Moderna’s announcement that its vaccine is 94.5% effective in preventing the coronavirus and that it can be stored at standard refrigerator temperatures for one month added to investor optimism that there could be light at the end of the tunnel. Moderna shares surged 16% yesterday. Moderna’s vaccine further reduces the uncertainty around the medium term domestic and global growth outlook, boosting the chances for a return to “normal” in 2021 or 2022.
However, as with the Pfizer vaccine news last week, the logistical challenge of manufacturing and distribution remains an unknown, which could again make for choppy trading for the rest of the week. According to Citigroup’s head of rates strategy Jabaz Mathai, the likely impact on the $20tn market for US government debt is and will continue be an “unambiguously bearish” development for Treasuries.

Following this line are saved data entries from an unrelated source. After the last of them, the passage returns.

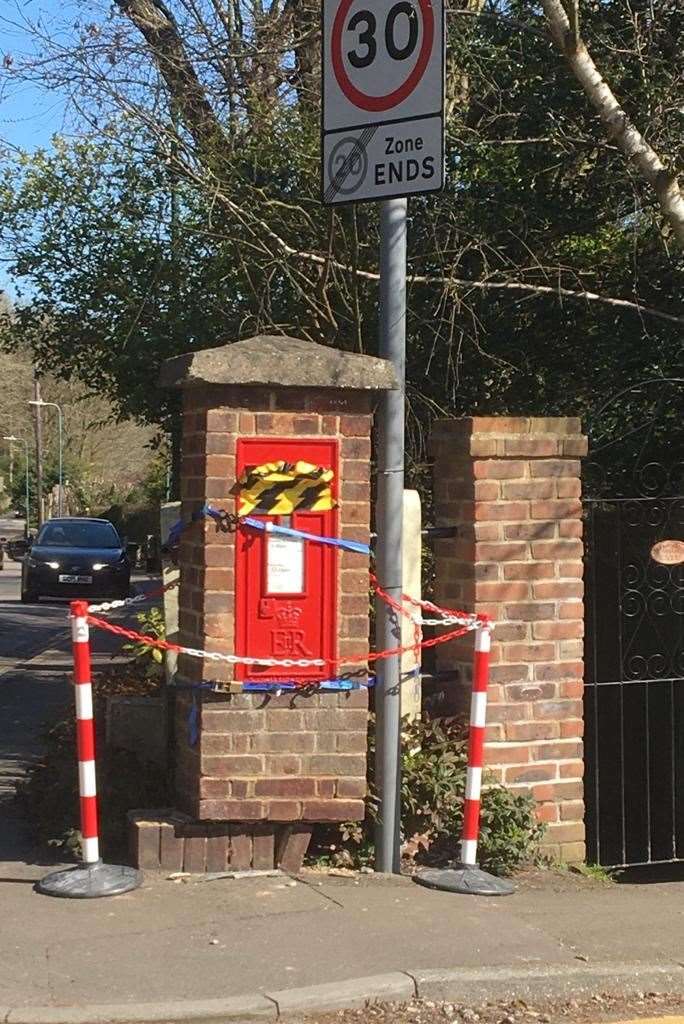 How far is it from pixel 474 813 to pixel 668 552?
5.92 feet

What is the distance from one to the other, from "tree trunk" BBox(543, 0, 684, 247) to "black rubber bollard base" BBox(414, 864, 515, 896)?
13.0 ft

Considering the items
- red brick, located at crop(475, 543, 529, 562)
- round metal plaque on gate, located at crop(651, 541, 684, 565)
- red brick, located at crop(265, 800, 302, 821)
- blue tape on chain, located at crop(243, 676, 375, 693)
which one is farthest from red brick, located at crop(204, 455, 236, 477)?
round metal plaque on gate, located at crop(651, 541, 684, 565)

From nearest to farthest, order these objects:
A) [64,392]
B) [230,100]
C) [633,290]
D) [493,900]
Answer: [493,900]
[633,290]
[230,100]
[64,392]

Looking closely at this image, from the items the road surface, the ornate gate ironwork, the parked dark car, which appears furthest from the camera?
the parked dark car

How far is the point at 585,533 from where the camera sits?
762 cm

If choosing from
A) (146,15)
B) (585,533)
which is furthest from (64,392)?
(585,533)

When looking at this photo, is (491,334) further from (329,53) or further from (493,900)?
(493,900)

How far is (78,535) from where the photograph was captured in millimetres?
26000

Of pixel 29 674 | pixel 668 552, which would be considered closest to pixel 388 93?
pixel 668 552

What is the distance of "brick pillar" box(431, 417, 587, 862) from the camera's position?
261 inches

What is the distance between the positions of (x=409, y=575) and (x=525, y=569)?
57 cm

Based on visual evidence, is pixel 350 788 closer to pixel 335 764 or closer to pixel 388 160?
pixel 335 764

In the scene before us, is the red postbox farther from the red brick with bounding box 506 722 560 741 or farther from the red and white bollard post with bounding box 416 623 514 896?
the red brick with bounding box 506 722 560 741

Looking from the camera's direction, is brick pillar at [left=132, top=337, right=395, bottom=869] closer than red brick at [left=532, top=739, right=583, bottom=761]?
Yes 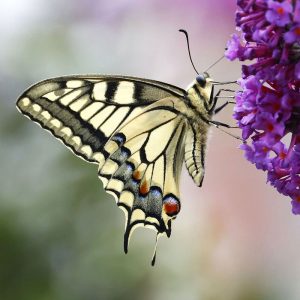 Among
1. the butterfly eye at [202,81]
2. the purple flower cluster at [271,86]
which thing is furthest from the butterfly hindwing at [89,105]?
the purple flower cluster at [271,86]

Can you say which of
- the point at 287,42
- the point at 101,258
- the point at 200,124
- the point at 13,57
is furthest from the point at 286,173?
the point at 13,57

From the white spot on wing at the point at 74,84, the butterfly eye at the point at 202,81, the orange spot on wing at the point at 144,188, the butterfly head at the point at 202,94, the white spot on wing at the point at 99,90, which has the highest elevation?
the butterfly eye at the point at 202,81

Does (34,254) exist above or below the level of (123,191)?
below

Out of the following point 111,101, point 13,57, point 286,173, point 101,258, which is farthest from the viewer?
point 13,57

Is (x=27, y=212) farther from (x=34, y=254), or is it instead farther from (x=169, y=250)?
(x=169, y=250)

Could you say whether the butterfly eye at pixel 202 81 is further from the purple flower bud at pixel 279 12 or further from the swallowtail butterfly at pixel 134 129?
the purple flower bud at pixel 279 12

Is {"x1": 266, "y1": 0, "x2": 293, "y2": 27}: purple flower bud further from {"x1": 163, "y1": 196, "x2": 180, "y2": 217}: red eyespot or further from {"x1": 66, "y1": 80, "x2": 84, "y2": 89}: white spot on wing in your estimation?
{"x1": 163, "y1": 196, "x2": 180, "y2": 217}: red eyespot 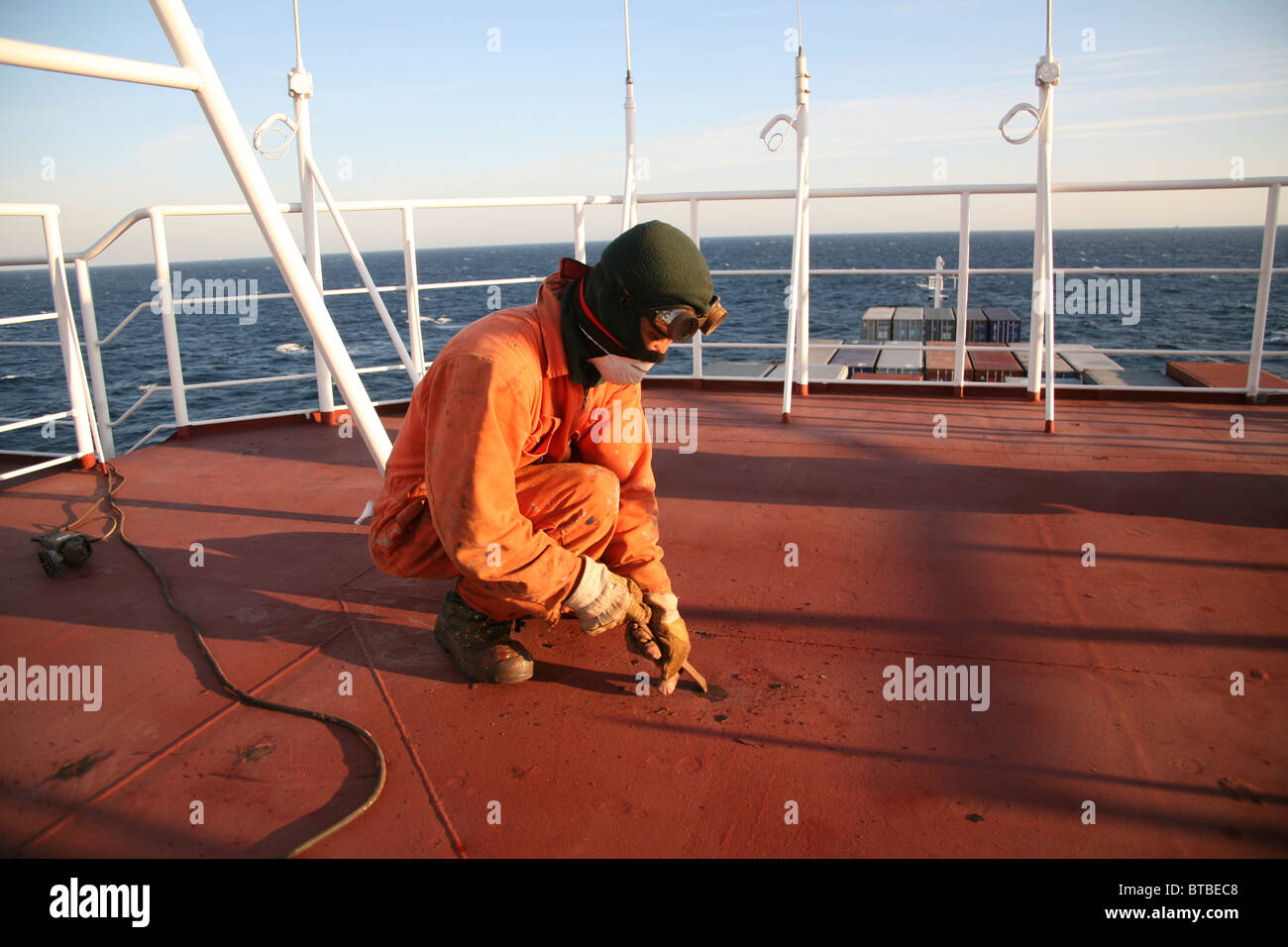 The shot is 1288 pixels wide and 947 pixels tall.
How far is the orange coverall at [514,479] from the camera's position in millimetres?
1939

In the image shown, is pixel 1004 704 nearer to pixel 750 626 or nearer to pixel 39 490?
pixel 750 626

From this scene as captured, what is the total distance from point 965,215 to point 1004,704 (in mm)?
4311

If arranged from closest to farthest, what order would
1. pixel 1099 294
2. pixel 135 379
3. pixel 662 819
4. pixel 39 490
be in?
pixel 662 819, pixel 39 490, pixel 135 379, pixel 1099 294

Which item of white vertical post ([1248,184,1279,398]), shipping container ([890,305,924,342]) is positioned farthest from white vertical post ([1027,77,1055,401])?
shipping container ([890,305,924,342])

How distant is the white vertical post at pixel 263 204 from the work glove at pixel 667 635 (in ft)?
4.06

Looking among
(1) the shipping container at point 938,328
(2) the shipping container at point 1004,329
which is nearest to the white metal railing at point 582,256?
(1) the shipping container at point 938,328

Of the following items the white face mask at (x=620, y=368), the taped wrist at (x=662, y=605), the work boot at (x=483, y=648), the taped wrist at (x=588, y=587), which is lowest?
the work boot at (x=483, y=648)

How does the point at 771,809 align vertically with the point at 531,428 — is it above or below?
below

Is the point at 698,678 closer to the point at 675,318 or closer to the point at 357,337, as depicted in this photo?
the point at 675,318

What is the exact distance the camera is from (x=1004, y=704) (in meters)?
2.17

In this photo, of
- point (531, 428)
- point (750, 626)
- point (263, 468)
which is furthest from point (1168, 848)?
point (263, 468)

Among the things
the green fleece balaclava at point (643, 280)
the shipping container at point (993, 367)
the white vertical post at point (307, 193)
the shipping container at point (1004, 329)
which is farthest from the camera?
the shipping container at point (1004, 329)

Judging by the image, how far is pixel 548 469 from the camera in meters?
2.34

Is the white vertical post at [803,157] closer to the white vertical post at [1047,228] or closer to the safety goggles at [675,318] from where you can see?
the white vertical post at [1047,228] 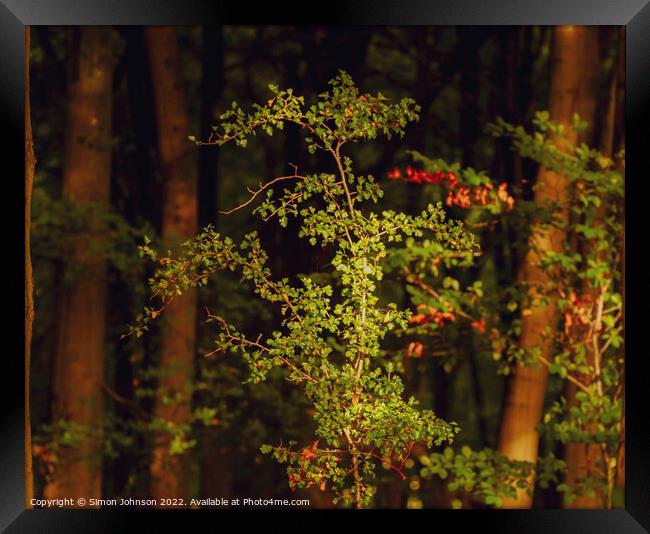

The Fed “may have a higher tolerance for higher yields if the stock market and credit markets continue to be strong”, he added. A sharp rise in Treasury yields coupled with a significant pick-up in broader market volatility and a deteriorating economic backdrop, however, could prompt more immediate action.
Currently it seems that global markets are mixed as they assess recent developments on possible vaccines against rising virus cases and tightening restrictions, which is clouding the near term outlook .
So far today, we have seen profit taking at record highs on the broader US indexes weighing on the USA30 and USA500 futures which are -1.06% and -0.90% lower, while the USA100 is the least affected as it holds slight gains, dragged by the Tesla shares jump on the announcement that the company will join the S&P index on December 21. USA30 meanwhile drifted lower amid the drug store stocks sell off, with Walgreens Boots Alliance and Home Depot collapsing the most after Amazon launched a pharmacy and home drug delivery unit on its new online Amazon Pharmacy store. Walgreens Boots Alliance shares collapsed more than 9%, and Home Depot shares dropped 2.5%, despite a third-quarter report delivering sales and earnings growth that was well above forecasts.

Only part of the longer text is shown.